You are viewing a plain text version of this content. The canonical link for it is here.
Posted to user@storm.apache.org by "Michael G. Noll" <mi...@michael-noll.com> on 2015/03/12 21:08:56 UTC

Re: Storm Metrics - Tuples per second - End-to-End delay

Martin,

we recently open sourced storm-graphite, which sends Storm's built-in metrics to Graphite (and InfluxDB because it has a Graphite-compatible API).

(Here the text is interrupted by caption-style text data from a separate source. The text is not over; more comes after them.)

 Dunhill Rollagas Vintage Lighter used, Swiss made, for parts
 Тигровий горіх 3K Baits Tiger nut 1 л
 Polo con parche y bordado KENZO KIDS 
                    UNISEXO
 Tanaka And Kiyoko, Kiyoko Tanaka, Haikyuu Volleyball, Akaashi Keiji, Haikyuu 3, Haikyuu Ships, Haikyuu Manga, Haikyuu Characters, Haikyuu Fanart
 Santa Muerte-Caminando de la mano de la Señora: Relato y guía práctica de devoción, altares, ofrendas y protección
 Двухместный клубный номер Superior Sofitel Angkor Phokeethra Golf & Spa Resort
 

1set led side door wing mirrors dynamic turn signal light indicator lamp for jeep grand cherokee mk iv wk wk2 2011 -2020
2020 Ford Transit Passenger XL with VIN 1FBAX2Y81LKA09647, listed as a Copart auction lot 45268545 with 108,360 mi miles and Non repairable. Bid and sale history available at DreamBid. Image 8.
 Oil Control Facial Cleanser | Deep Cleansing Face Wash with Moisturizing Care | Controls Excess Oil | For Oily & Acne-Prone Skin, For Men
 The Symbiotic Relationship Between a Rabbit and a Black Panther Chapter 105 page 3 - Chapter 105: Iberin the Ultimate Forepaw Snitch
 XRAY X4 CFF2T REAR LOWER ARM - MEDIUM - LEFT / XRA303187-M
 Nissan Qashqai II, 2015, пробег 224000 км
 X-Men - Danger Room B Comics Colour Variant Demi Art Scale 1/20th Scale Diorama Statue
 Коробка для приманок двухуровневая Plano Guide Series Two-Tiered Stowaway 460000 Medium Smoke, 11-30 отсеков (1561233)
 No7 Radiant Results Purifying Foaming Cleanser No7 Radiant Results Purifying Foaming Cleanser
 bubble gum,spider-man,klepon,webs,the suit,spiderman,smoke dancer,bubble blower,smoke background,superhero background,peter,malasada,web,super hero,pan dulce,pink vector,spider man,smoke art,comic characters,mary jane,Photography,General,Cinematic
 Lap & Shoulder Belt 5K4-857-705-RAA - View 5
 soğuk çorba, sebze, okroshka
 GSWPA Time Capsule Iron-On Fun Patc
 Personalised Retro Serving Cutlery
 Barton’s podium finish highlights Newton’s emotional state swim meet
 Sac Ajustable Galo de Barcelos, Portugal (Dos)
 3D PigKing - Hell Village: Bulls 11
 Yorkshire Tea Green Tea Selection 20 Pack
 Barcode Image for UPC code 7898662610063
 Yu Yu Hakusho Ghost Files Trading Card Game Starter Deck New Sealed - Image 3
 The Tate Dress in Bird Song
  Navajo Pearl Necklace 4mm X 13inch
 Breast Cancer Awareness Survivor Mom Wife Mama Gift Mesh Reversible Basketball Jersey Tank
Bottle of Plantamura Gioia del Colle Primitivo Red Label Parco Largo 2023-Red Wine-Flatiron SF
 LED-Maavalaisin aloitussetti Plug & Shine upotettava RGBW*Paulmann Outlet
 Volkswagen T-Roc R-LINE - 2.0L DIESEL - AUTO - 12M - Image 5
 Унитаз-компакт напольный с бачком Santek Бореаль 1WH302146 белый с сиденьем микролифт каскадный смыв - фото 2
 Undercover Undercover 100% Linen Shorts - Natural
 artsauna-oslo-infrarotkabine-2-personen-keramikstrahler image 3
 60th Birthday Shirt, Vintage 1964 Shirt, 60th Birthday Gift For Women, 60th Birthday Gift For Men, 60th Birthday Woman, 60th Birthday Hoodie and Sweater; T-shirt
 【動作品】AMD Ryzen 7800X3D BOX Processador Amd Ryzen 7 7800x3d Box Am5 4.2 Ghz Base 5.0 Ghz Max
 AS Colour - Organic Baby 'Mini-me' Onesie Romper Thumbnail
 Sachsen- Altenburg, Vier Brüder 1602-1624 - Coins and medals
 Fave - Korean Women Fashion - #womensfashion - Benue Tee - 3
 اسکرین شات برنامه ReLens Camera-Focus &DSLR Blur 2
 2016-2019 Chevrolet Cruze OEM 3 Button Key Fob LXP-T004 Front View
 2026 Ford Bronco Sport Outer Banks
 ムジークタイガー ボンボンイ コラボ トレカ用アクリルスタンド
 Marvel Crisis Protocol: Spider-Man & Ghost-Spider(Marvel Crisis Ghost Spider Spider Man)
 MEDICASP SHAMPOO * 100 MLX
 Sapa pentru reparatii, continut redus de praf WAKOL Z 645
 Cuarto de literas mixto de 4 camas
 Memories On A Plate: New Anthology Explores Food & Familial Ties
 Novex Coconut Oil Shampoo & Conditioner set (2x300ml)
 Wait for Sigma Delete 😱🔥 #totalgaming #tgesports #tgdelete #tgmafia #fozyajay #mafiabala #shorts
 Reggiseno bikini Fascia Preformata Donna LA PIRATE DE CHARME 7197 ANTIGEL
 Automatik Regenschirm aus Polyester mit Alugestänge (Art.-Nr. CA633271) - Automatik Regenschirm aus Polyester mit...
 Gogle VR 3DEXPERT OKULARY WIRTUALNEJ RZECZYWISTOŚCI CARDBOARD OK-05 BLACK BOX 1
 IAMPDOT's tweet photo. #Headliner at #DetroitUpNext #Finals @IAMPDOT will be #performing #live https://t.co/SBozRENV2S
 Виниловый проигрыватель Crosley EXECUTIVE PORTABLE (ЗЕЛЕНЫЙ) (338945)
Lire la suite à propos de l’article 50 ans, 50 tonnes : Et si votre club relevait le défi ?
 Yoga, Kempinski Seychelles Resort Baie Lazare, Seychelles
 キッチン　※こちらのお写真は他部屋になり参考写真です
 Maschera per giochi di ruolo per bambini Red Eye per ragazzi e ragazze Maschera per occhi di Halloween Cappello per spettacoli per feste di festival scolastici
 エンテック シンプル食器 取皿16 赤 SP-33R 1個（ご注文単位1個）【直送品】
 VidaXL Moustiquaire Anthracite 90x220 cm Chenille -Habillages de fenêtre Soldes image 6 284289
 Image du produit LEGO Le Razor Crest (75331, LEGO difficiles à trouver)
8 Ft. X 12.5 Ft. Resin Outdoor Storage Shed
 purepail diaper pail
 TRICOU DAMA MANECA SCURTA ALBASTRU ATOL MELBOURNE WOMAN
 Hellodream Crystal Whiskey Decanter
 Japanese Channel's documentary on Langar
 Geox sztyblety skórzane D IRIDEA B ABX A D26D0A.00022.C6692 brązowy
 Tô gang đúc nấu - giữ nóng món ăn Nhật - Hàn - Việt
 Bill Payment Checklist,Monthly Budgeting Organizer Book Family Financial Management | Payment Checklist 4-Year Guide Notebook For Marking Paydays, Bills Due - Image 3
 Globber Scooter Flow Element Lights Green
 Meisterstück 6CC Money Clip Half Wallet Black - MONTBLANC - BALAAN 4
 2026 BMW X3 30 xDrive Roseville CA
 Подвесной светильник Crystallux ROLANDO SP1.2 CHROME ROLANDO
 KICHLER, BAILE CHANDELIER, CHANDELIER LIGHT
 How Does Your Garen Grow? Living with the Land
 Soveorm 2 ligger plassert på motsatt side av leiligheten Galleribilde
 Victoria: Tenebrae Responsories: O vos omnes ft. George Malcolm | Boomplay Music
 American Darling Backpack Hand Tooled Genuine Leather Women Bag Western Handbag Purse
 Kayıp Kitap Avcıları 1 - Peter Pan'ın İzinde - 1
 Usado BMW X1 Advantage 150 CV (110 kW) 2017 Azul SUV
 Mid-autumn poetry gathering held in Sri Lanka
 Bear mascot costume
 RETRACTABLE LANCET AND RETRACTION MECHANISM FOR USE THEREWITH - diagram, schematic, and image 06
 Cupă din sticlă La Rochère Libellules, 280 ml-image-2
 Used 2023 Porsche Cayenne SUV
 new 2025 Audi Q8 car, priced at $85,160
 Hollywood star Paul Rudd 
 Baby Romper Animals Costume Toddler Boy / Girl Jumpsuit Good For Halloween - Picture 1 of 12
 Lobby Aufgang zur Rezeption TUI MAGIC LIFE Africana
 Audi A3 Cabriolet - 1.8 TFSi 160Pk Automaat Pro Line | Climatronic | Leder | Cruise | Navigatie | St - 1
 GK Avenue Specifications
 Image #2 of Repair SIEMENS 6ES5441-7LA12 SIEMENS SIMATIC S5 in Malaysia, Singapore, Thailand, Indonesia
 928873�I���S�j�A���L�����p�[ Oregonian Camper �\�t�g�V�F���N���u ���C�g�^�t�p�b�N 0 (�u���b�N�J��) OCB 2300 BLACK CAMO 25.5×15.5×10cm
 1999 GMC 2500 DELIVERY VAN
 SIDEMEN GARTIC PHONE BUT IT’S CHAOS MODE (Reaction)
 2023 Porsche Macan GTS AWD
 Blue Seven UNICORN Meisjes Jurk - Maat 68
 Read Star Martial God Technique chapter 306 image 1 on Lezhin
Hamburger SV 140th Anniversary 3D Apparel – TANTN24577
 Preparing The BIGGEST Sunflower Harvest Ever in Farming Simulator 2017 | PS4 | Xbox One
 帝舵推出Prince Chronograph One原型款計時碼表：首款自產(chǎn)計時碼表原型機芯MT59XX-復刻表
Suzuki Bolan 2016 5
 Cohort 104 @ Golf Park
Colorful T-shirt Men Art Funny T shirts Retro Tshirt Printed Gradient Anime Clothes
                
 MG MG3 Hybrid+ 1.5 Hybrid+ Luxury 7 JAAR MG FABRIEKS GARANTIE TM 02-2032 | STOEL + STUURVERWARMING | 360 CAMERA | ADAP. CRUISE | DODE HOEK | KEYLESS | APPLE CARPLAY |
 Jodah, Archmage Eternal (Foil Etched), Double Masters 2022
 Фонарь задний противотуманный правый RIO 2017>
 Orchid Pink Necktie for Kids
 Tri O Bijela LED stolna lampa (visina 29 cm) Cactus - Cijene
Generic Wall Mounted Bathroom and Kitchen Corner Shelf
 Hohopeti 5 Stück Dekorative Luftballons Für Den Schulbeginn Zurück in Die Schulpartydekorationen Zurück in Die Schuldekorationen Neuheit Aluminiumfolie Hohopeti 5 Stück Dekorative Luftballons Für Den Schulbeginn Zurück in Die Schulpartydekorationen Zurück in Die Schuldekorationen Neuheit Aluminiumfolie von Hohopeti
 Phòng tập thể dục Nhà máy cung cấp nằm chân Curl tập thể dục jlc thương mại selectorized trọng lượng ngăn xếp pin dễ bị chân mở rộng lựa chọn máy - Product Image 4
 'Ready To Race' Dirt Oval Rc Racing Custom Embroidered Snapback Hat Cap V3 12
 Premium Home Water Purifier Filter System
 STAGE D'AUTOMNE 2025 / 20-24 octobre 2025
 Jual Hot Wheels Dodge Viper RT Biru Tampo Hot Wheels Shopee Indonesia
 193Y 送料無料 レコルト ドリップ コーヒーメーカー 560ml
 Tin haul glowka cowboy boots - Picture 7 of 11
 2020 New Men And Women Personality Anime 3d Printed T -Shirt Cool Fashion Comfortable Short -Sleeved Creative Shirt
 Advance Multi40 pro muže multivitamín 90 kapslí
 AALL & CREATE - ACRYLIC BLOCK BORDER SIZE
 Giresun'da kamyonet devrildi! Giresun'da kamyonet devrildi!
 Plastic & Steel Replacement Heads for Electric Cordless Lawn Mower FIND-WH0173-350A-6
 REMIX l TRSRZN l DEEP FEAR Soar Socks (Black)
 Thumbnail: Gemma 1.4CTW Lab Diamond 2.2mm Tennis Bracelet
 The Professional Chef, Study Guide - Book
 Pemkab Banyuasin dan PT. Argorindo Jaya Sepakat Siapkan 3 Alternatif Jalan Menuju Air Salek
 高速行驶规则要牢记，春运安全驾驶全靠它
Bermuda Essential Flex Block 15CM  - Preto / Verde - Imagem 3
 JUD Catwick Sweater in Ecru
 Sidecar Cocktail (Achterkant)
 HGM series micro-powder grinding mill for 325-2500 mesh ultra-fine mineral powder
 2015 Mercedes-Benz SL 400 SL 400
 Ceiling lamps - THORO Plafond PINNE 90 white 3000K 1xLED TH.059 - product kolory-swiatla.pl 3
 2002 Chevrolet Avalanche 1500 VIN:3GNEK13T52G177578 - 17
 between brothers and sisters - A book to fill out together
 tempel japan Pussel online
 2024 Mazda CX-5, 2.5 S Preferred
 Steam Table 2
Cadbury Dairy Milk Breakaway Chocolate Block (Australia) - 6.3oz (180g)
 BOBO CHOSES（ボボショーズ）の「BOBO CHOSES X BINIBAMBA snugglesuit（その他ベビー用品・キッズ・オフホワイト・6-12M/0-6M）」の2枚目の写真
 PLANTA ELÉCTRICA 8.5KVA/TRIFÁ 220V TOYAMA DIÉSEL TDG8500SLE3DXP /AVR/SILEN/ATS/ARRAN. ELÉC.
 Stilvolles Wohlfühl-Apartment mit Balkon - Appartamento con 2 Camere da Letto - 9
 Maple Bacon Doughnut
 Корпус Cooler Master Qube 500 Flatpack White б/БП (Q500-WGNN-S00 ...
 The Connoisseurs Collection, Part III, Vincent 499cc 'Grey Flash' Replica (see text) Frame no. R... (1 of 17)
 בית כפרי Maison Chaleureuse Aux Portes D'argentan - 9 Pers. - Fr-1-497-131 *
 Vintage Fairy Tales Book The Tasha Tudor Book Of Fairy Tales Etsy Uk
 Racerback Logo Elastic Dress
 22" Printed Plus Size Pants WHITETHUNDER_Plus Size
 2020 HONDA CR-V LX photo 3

https://github.com/verisign/storm-graphite

Maybe this helps,
Michael



> On 15.02.2015, at 14:47, Martin Illecker <mi...@apache.org> wrote:
> 
> Hi Yash,
> 
> but I will have to build a custom Consumer, which extends the LoggingMetricsConsumer [1] to aggregate the metrics?
> Do you know how I can calculate the total end-to-end latency of my topology?
> (simply accumulating the completion time of each bolt?)
> 
> Please can you share your StatsDMetricsConsumer?
> 
> Thanks!
> Best regards
> Martin
> 
> [1] https://github.com/apache/storm/blob/master/storm-core/src/jvm/backtype/storm/metric/LoggingMetricsConsumer.java
> 
> 2015-02-15 2:13 GMT+01:00 Yashwant Ganti <ya...@gmail.com>:
>> Okay. Then yes, a LoggingMetricsConsumer configured with a parallelism of 1 should work, since it would receive all the metrics. Although, if the Topology is rebalanced, the location of this MetricsConsumer can change (different worker on the same supervisor or a different supervisor altogether). 
>> 
>> For what it's worth, we haven't observed any significant performance hit in our production topology, which has a single instance of a StatsDMetricsConsumer running. 
>> 
>> - Yash
>> 
>>> On Sat, Feb 14, 2015 at 1:51 PM, Martin Illecker <mi...@apache.org> wrote:
>>> Hi Yash,
>>> 
>>> I would prefer to have a solution within Storm only, so that there is no external service involved.
>>> Because the impact in performance should be as small as possible.
>>> 
>>> I don't know if its possible in Storm?
>>> (aggregating CountMetrics or end-to-end latencies by a single global LoggingMetricsConsumer)
>>> 
>>> Best regards
>>> Martin
>>> 
>>> 
>>> 2015-02-14 22:05 GMT+01:00 Yashwant Ganti <ya...@gmail.com>:
>>>> Hi Martin, 
>>>> 
>>>> Do you need the metric information to be written to logs? If that is not a hard constraint, replacing the 'LoggingMetricsConsumer' with a component that sends the metric data to a metric aggregation daemon like StatsD can solve your issue. All you need to make sure is that every metric corresponding to a task is uniquely identified across the Topology and StatsD will take care of the aggregation for you. 
>>>> 
>>>> Regards,
>>>> Yash
>>>> 
>>>>> On Sat, Feb 14, 2015 at 4:30 AM, Martin Illecker <mi...@apache.org> wrote:
>>>>> Hello,
>>>>> 
>>>>> 1) I would like to measure and aggregate the tuples per second for a bolt, which is running on multiple workers and multiple executors.
>>>>> 
>>>>> Therefore I used the CountMetric [1] together with a LoggingMetricsConsumer according to [2].
>>>>> But the results were spread among multiple worker logs and its executor.
>>>>> How can I aggregate this data and get the average number of tuples per second every 10 seconds?
>>>>> 
>>>>> 2) Furthermore, I would also like to measure the end-to-end delay of the whole topology.
>>>>> Is there a better way than propagating the emitting time from the spout to the last bolt?
>>>>> And similar to 1), how can I finally aggregate the calculated end-to-end delay among multiple workers and supervisors?
>>>>> 
>>>>> What would be the best solution to get these aggregated measurements of tuples per second and end-to-end delay without impacting the performance?
>>>>> I would prefer one global LoggingMetricsConsumer.
>>>>> 
>>>>> Thanks!
>>>>> Best regards
>>>>> Martin
>>>>> 
>>>>> [1] https://github.com/nathanmarz/storm/blob/master/storm-core/src/jvm/backtype/storm/metric/api/CountMetric.java
>>>>> [2] https://www.endgame.com/blog/storm-metrics-how-to.html
>